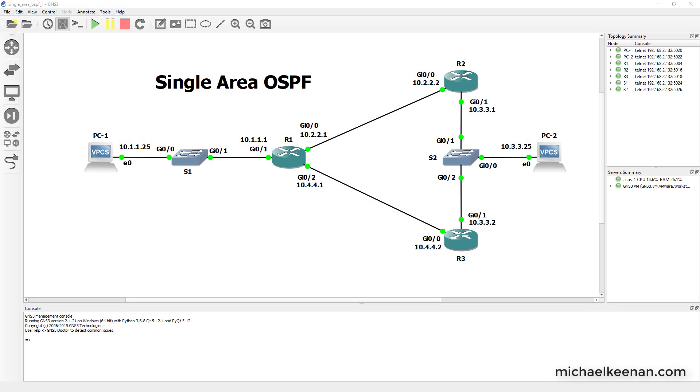Hey guys, this is Mike Keenan here. Today I'm going to be going over how to configure single area OSPF and I'm going to do that as fast as I can.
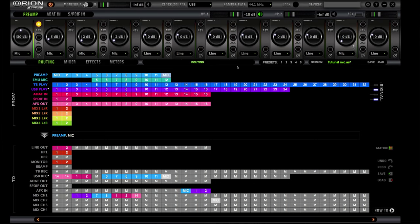What's up everybody, it's your boy Young Fizz aka Mr. Dope Status, and welcome back to another video. Today I'm going to be explaining the Orion Studio control panel. This video is also for people using Orion products in general, so it could also be useful for the Zentor and Goliath Discrete, because all the control panels work very similarly — the only differences are the inputs and outputs.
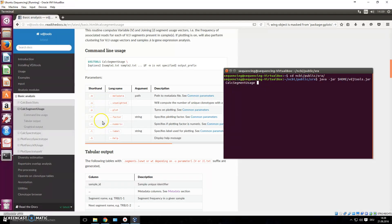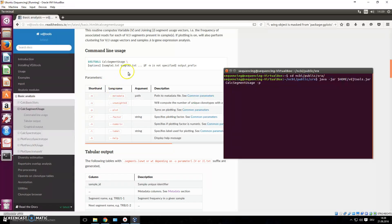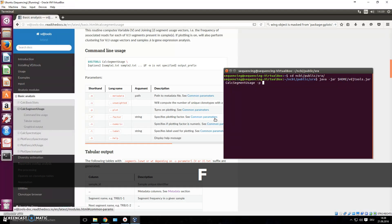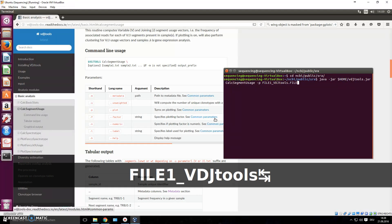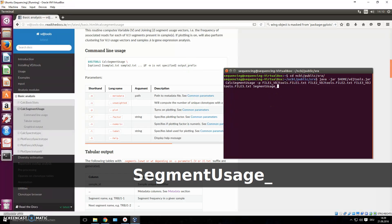Type in 'calc segment usage' and continue with options. The only option I want right now is '-p' to turn plotting on, because I want the plot and not just the tables. Now we input three files — file one, file two, and file three — and give the output prefix 'segment usage'. Press enter and you should be good to go.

- [Exercise instructions]: Write every line above again exactly, but leave the pictures out.

- [Final answer]:
Hey guys, this is Mike Keenan here. Today I'm going to be going over how to configure single area OSPF and I'm going to do that as fast as I can.
What's up everybody, it's your boy Young Fizz aka Mr. Dope Status, and welcome back to another video. Today I'm going to be explaining the Orion Studio control panel. This video is also for people using Orion products in general, so it could also be useful for the Zentor and Goliath Discrete, because all the control panels work very similarly — the only differences are the inputs and outputs.
Type in 'calc segment usage' and continue with options. The only option I want right now is '-p' to turn plotting on, because I want the plot and not just the tables. Now we input three files — file one, file two, and file three — and give the output prefix 'segment usage'. Press enter and you should be good to go.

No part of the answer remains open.